▶ _TASK PROMPT_:
With the pictures left out, return exactly the lines from the one containing "5YFBURHE1KP860113 фото 9" through the end of the listing below.

▶ _INPUT DATA_:
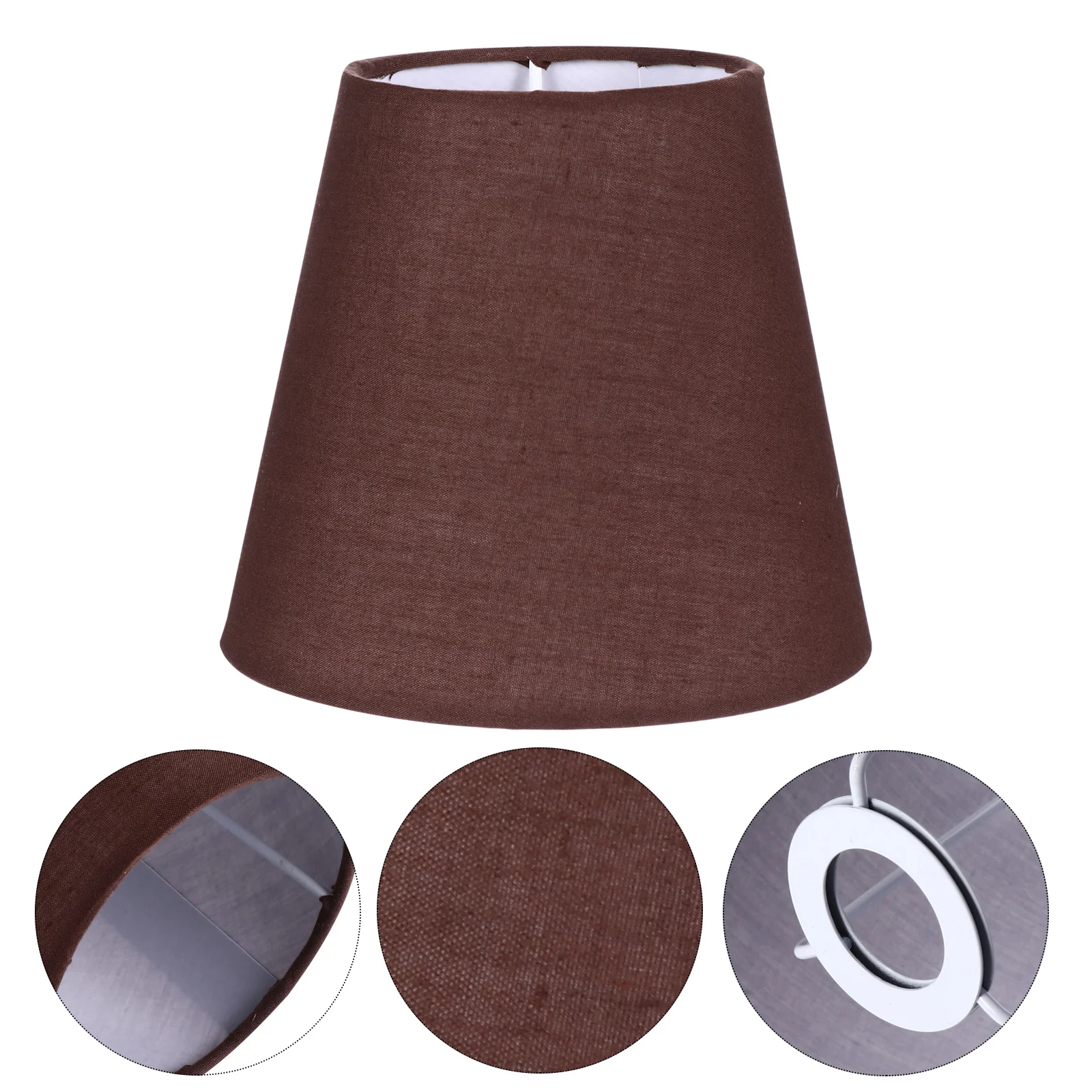 

Holders Lampshade Table Cloth Shades Light For Chandelier Barrel Black Dust Lampshades Wall Ceiling Floor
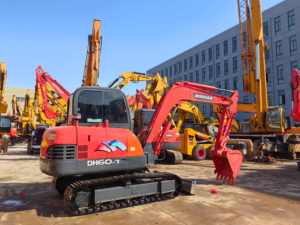 Mini-excavatrice Doosan DH60-7 d'occasion, capacité 6 tonnes, excavatrices Doosan dh55 dh60 dh80 à prix compétitif - Product Image 5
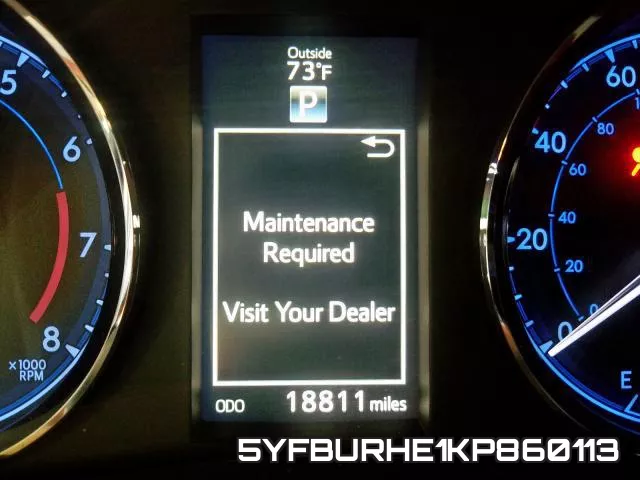 5YFBURHE1KP860113 фото 9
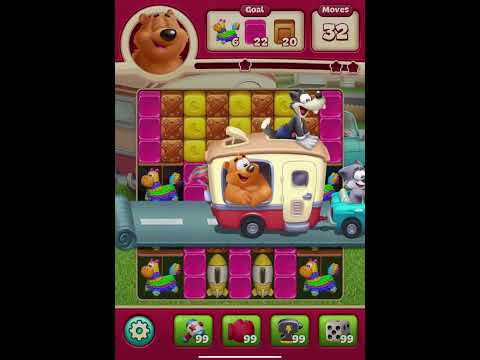 TOON BLAST Levels 4362 - 4368 [No Boosters]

▶ _RESULT OF THE EXERCISE_:
 5YFBURHE1KP860113 фото 9
 TOON BLAST Levels 4362 - 4368 [No Boosters]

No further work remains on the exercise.